Pubblicato in due volumi, Travels in Arabia Deserta divenne presto, per la mole e la limitata tiratura, un libro raro e costoso e Lawrence, che ne era entrato in possesso durante la sua prima volta in Arabia come giovane studioso di archeologia, si batté a lungo perché venisse riedito: dopo gli sconvolgimenti medio-orientali causati dalla Prima guerra mondiale, c'era bisogno di un nuovo inquadramento per un nuovo pubblico.

Negli anni Trenta «il Doughty», sfrondato nelle sue parti più tecniche e di molte lungaggini e ripetizioni, venne infine ridotto alle dimensioni di un solo volume, di circa trecento pagine, e iniziò una seconda vita che, mezzo secolo dopo, diede vita a una terza, l'edizione Phillips&Company Press, che presentava una diversa scelta e revisione del testo e che è quella che i lettori moderni di fatto conoscono anche in italiano (Arabia deserta, Guanda, pagg. 312, euro 20).

L'introduzione di Lawrence è dunque ciò che lega l'edizione originale al volume che oggi è nelle librerie: uno sguardo alle cartine dell'epoca e alla geografia contemporanea aiuta a capire come quell'Arabia deserta allora attraversata sia oggi un'Arabia popolata e insieme intransitabile.
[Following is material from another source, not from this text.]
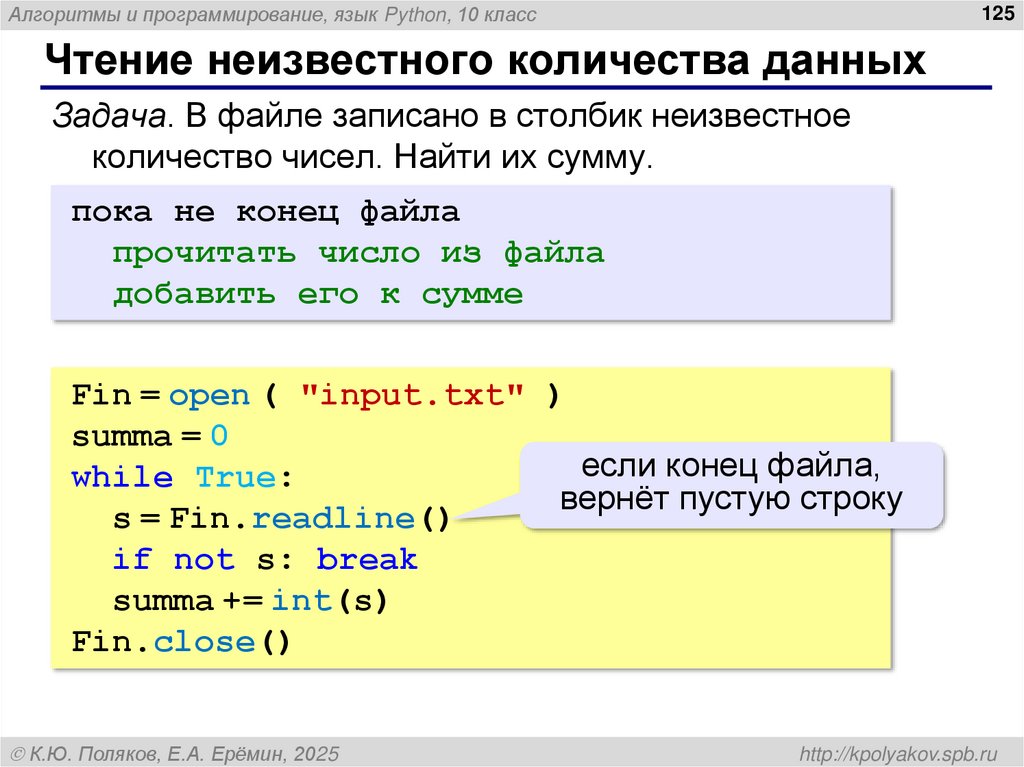 Чтение неизвестного количества данных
Sotto questo aspetto, il libro è il racconto poetico di un mondo pressoché scomparso, tende, uomini, animali, campi di lava e villaggi, dove ogni tanto affiora «la vera Arabia, con i suoi odori e la sua sporcizia, ma anche con la sua nobiltà e libertà».

Resta però, dal punto di vista dell'osservazione psicologica, un libro esemplare sula società araba, l'asprezza della loro fede, il granito delle loro certezze. «Il loro pensiero si trova a proprio agio con gli estremi. Vivono per scelta con i superlativi. Sono un popolo dalla mentalità chiusa e limitata, la loro immaginazione è vivace ma non creativa. Le loro convinzioni sono istintive, le azioni impulsive. La religione è il loro prodotto principale».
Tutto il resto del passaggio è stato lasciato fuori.